BlondieBC
Banned
Pre-war ammo tended to work though, at Dogger Bank and the Battle of Heogiland Blight the British ammo worked pritty well but gunnery was nothing to write home about.
Also I dunno why you're ignoring the whole thing about Beatty ordering the removal of flash protection systems. These were implimented after Dogger bank when he felt a higher rate of fire afforded by the removal of the systems and the storage of cordite in the turret itself to pump out more rounds would have given the Brits the decisive edge they needed.
This was done AFTER Dogger Bank, its mentioned in Castles of Steel and other books.
But in all honesty, knowing you, you'll settle for ALL RN ships doing improtu fireworks displays.
You said it was a verbal order, with no record. It is different if there are sources from the time that recorded the orders such as the ships logs.
I have gone through three naval messaging boards on these topics. And went back on the sources they list. A small minority do support the flash protection, but there are lot of other issues.
1) UK Cordite tended to go boom, German burned due to different additives.
2) UK stored had issues with the black powder bags at the base of the first charge.
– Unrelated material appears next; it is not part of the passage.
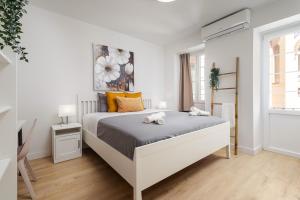 Giường trong phòng chung tại Nordik Rooms Urban - Centro "Estocolmo"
They also seemed to have cleanliness issues related to policing black powder from leaking bags.
3) In Dodger bank and Jutland, A Cat class BC had a turret breached. Neither was a catastrophic loss. If the order you believed happened did occur, we would expect to see the Cat lost at Jutland.
4) Test on the HMS Vengence in 1917 showed that even a full functional flash system in good condition did not contain a cordite flash.
5) At the start of the war, the Admiralty went from 80 to 100 rounds per gun. Since there was not enough space on the BC, the extra 20 cordite rounds were stored outside of the designed storage space. So they only possible question is where the extra ammo was stored in the turret, not if, after the war started. Right now, my understanding is this order went into effect on day 1 of the war.
6) Much of the cordite was past the expiration date.
So I have to weight the evidence. I have a theory that says Beatty waived safety protocols after Dogger. But I have no written order to back up when this happened, and I have other explanations with evidence on why it was just poor quality ammo pasts it expiration date with poorly thoughout flash protection with extra ammo on the ships. And even the assume Beatty flash removal does not appear to be the most important safety breach. It is the combination of the extra rounds order by the Admiralty and poor cleanliness related to black powder. At least during the battles, the RN appears to have ignored the leaking blackpowder from poorly designed bags. The combination of black powder on the floor from gun breech to cordite chamber combined with at least 60 bags (20 rounds) of cordite stored in the space between the storage spaces and magazine appear to be more responsible.